OPEC’s 178th Meeting of the Conference dubbed “Extraordinary” was concluded on Thursday in Vienna, and it mostly failed to meet investors’ expectations concerning the Organization’s reaction to the coronavirus’ spread.
The market was bracing for an announcement that the Organization of the Petroleum Exporting Countries would strike a deal with other countries, that are not members of OPEC, and that the aggregate production would be reduced.
The expectations for a reduction in oil production are prompted by the reeling energy market, which was struck by the coronavirus outbreak in China, and now elsewhere.
The demand for the precious commodity tanked considerably in mid-January when industrial activity in the world's second-largest economy was lessened by the Chinese government in a bid to curb the spread of the virus.

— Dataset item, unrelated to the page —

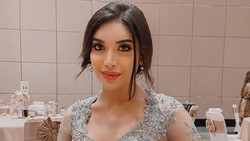 Hadir di Acara Siraman Aurel, Kebaya Millendaru Disorot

“the COVID-19 outbreak has had a major adverse impact on global economic and oil demand forecasts in 2020, particularly for the first and second quarters. Global oil demand growth in 2020 is now forecast to be 0.48 mb/d, down from 1.1 mb/d in December 2019.”

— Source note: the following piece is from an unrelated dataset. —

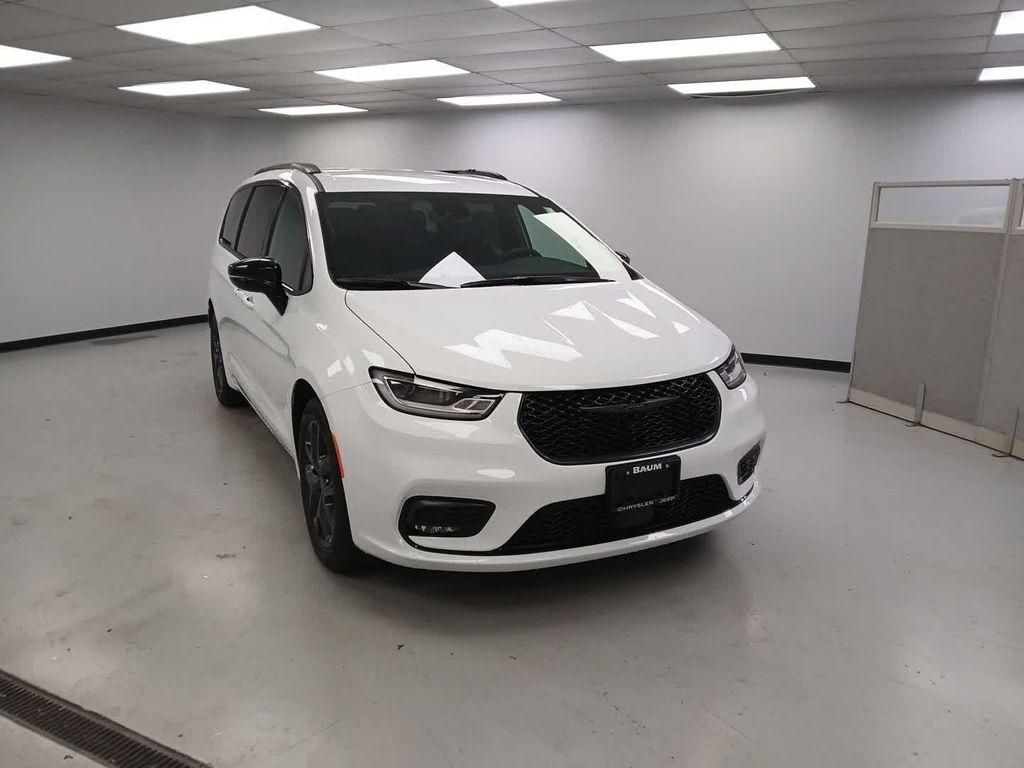 new 2026 Chrysler Pacifica car, priced at $45,110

Investors were hoping that the Ministers of OPEC and OPEC+’s member countries were going to reach an agreement for an immediate reduction in aggregate oil production to offset the muted demand.
However, the negotiations hit a roadblock after Russia decided to play hardball in Vienna and the only meaningful thing that was agreed on by everybody was the decision to prolong the period of the already agreed upon reductions until the end of the year.

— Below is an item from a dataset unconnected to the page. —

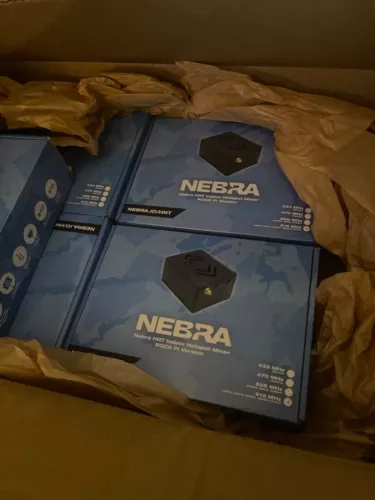 Nebra Indoor Helium HNT Hotspot Miner US 915MHz Rock Pi - In hand - Unopened! 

“In view of market developments and following OPEC’s 178th Extraordinary meeting today, the Heads of Delegation of the OPEC Conference held further consultations and decided to recommend extending the duration of the proposed 1.5 million barrel per day additional adjustment until the end of 2020, instead of 30th of June 2020.”
More substantial agreements could not be reached at the present moment because Russia did not agree to Saudi Arabia’s proposal for bolstered reductions in the aggregate oil production.
Alexander Novak, the Energy Minister of the Russian Federation, contended against acting in the blind. Russia is reluctant to agree to Saudi Arabia's proposal because the full extent of the virus’ impact on the global economy is still unclear.
Russia would rather wait and see how the situation evolves next before agreeing to such structural changes in oil production that are going to have a profound impact in the long run.
Overall, the outcome of the 178th Conference of OPEC in Vienna did not satisfy investors’ expectations to the fullest, which led to an almost 10 per cent selloff in crude’s price.
The precious commodity closed yesterday’s trading session at 41.51, which is really close to the psychologically important support level at 40.00.